懲役刑と禁固刑の一元化

投稿日:2022年1月30日 更新日:

法務省が懲役刑と禁固刑の両刑を一元化し「抗禁刑」を創設する為、刑法などを改正する関連法案を来年の通常国会に提出する方針を固めたそうです。まだ可決し改正が決まったわけではありませんが、どういった改正法案なのかいち早く見ていきたいと思います。

 

懲役刑と禁固刑の違いとは?

法律を破り、罪を犯してしまった場合、懲役、禁固、罰金などの刑が犯される場合があります。

 

懲役刑

受刑者を刑事施設内で拘置し、工場などで所定の作業を行わせる刑をいいます。(刑法1条)

 

禁固刑

禁固(禁錮)とは、受刑者を刑事施設(監獄)に拘置する刑をいいます。
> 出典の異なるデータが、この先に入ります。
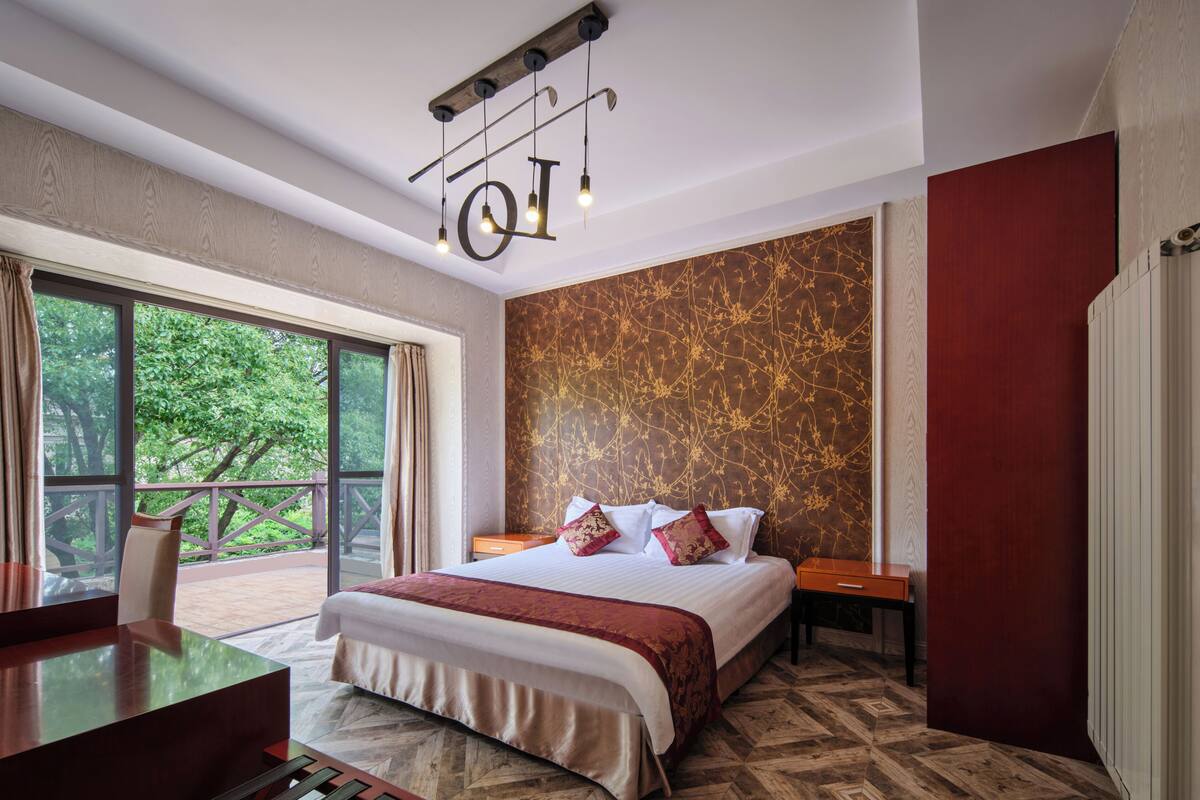 Ein modernes Hotelzimmer mit einem großen Bett, einem Schreibtisch und einem Balkon mit Blick auf Bäume.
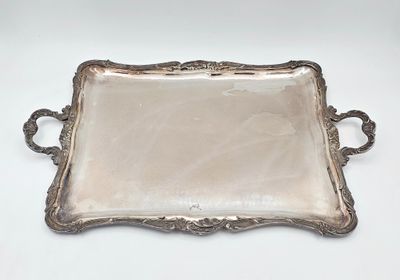 un plateau ancien en argent, muni de poignées, sur un fond blanc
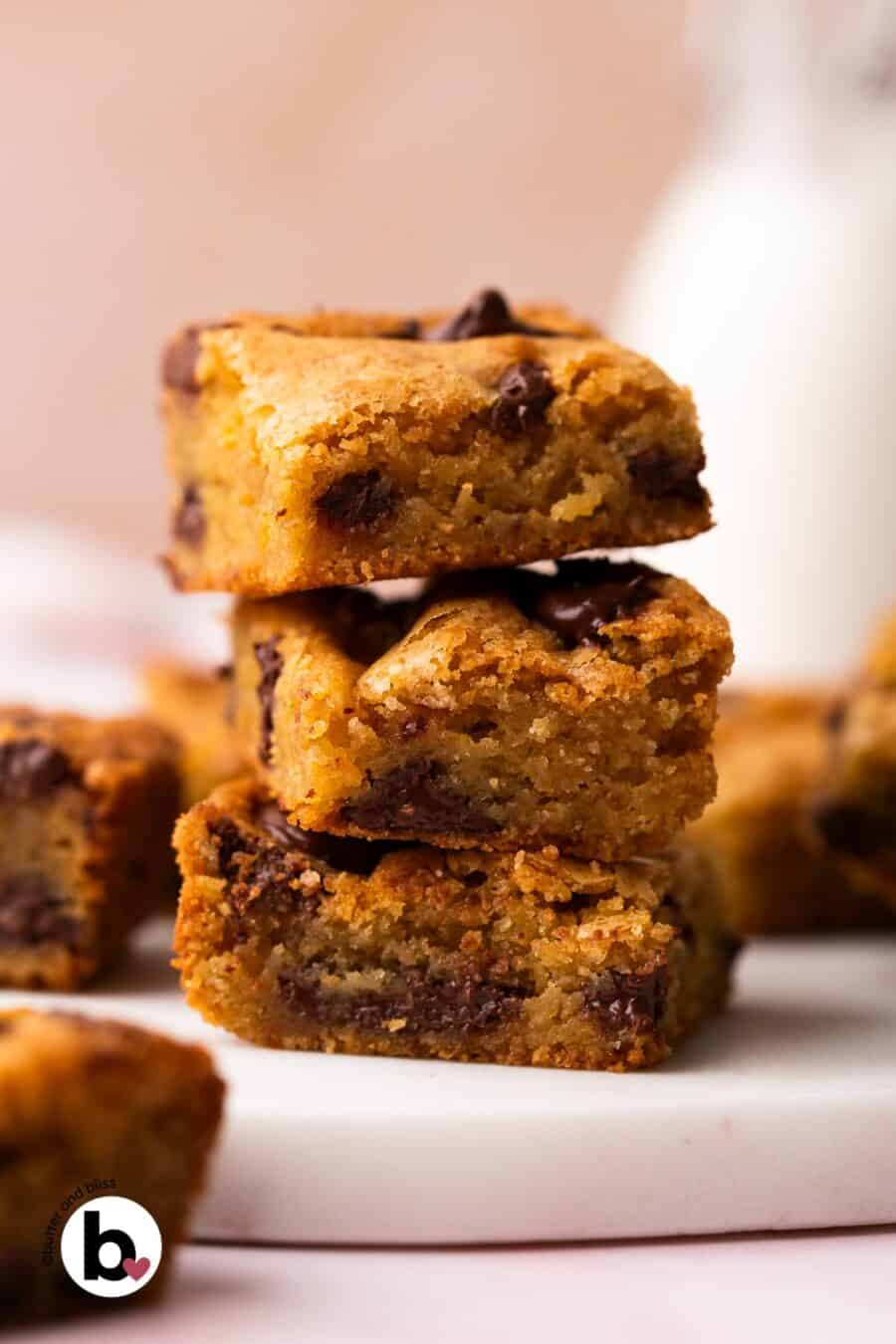 A small stack of gooey blondies with melty chocolate chips on a white marble plate.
(刑法13条)

 

 

一般的に懲役の方が禁錮より罪が重く、禁固にはこれがありません。

 

歴史的沿革からして、禁固は政治犯等を対象とする刑であり、(最近では交通事故を起こした危険運転致死傷で禁固刑を言い渡された事件もありました)名誉拘禁的な性格があることから、規則的労働を強制されることがないとされています。

また、親族等との面会や文書の閲覧についても懲役刑と、禁固刑については特に変わりはありません。

 

見ての通り、違いは所定の作業をするかしないかです。懲役には労働の義務がありますが、金庫にはこれがありません。

 

 

執行猶予

執行猶予とは、有罪判決に基づく刑の執行を一定期間猶予し、その間に刑に服さないことを条件として刑罰権を消滅させる制度です。
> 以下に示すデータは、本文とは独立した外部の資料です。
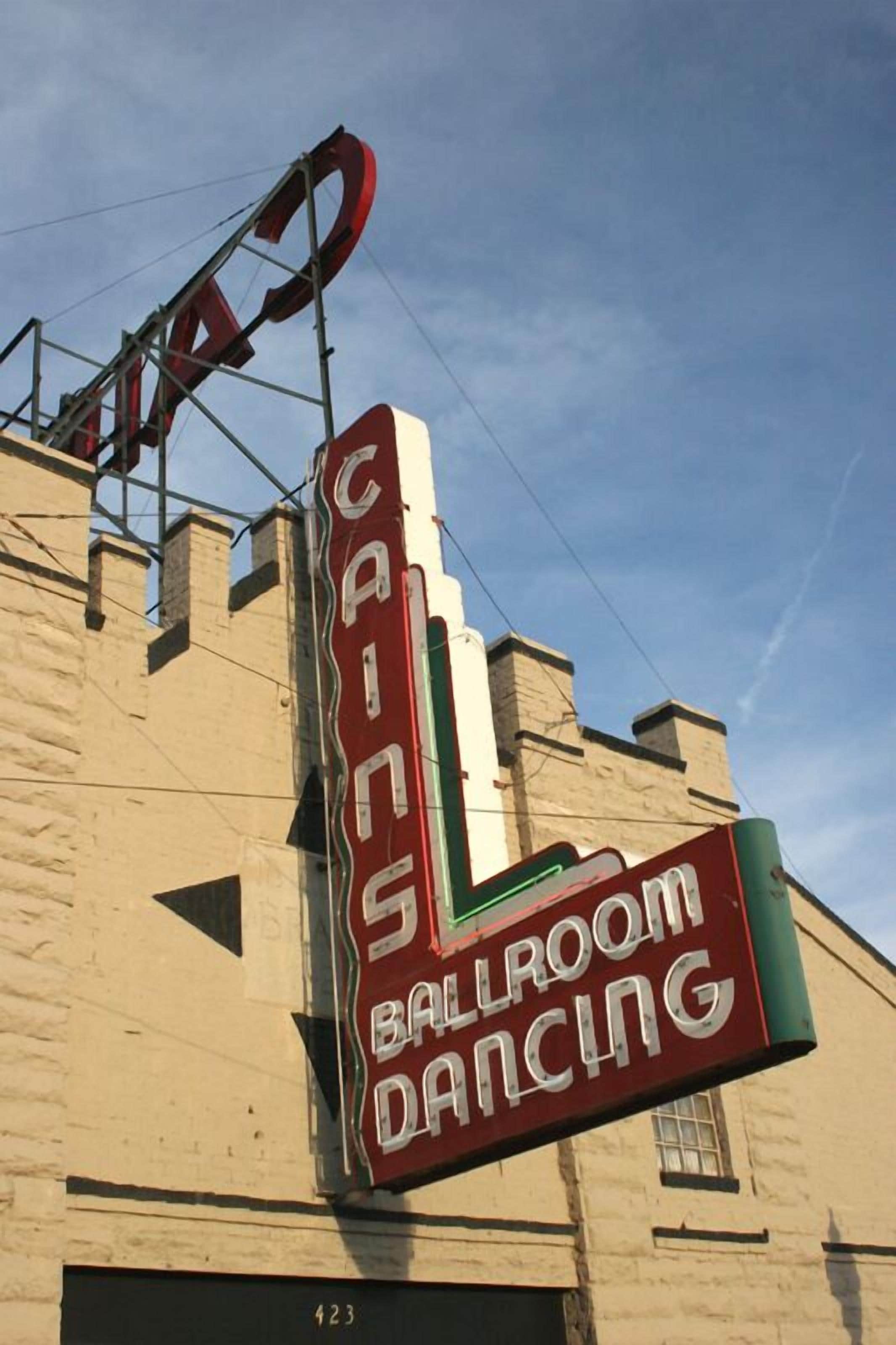 A building with a sign that reads "CINNABBA BALLROOM DANCING."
初回の執行猶予(刑法25条1項)判決の要件としては、3年以下の懲役若しくは禁固又は50万円以下の罰金の言い渡しを受けた場合とされており、また再度の執行猶予判決の要件としては1年以下の懲役又は禁固の言い渡しを受けたことが要件とされており、これら意味では懲役も禁固も異なるところがありません。

ちなみに、再度の執行猶予の場合では、保護観察は必要的になります(刑法25条の2)。

「拘禁刑」の創設経緯

今回の改正案がなぜ議論となるかについて法務省はこう示しています。

近年作業の実施が困難な高齢受刑者が増加。若年受刑者も含め、作業時間の確保に縛られ、再犯防止に向けた教育プログラムや指導を受ける時間が限られてしまうとの課題も指摘されるようになった。

一方、作業が義務づけられていない禁錮で入所する受刑者も、「何もせずに過ごすのはかえって苦痛だ」といった理由から、約8割は自ら希望して作業をしている。24日に公表された今年の犯罪白書によると、昨年入所した受刑者の99・7%(1万6562人)が懲役だったのに対し、禁錮は0・3%(53人)と少ないこともあり、禁錮を刑罰として維持する必要性は薄れていた。

こうした現状から3年余りの議論を経て新たな刑を創設する要項を決定しました。

 

 

拘禁刑の創設に伴い、懲役・禁錮の規定が明記されている全ての法律も改正される見通しです。自治体の条例も変更する必要が生じるため、施行には成立後3~5年程度の準備期間が設けられるそうなので、まだしばらく先の話かもしれません。

 

同省は、拘禁刑を科された受刑者を更生させるため、実際にどのような処遇を行うかの検討もこれから進めることになりそうです。

 

 

今回はここまでです。まだ先の話ですが、法案が可決したときに詳しくご紹介できたらと思います。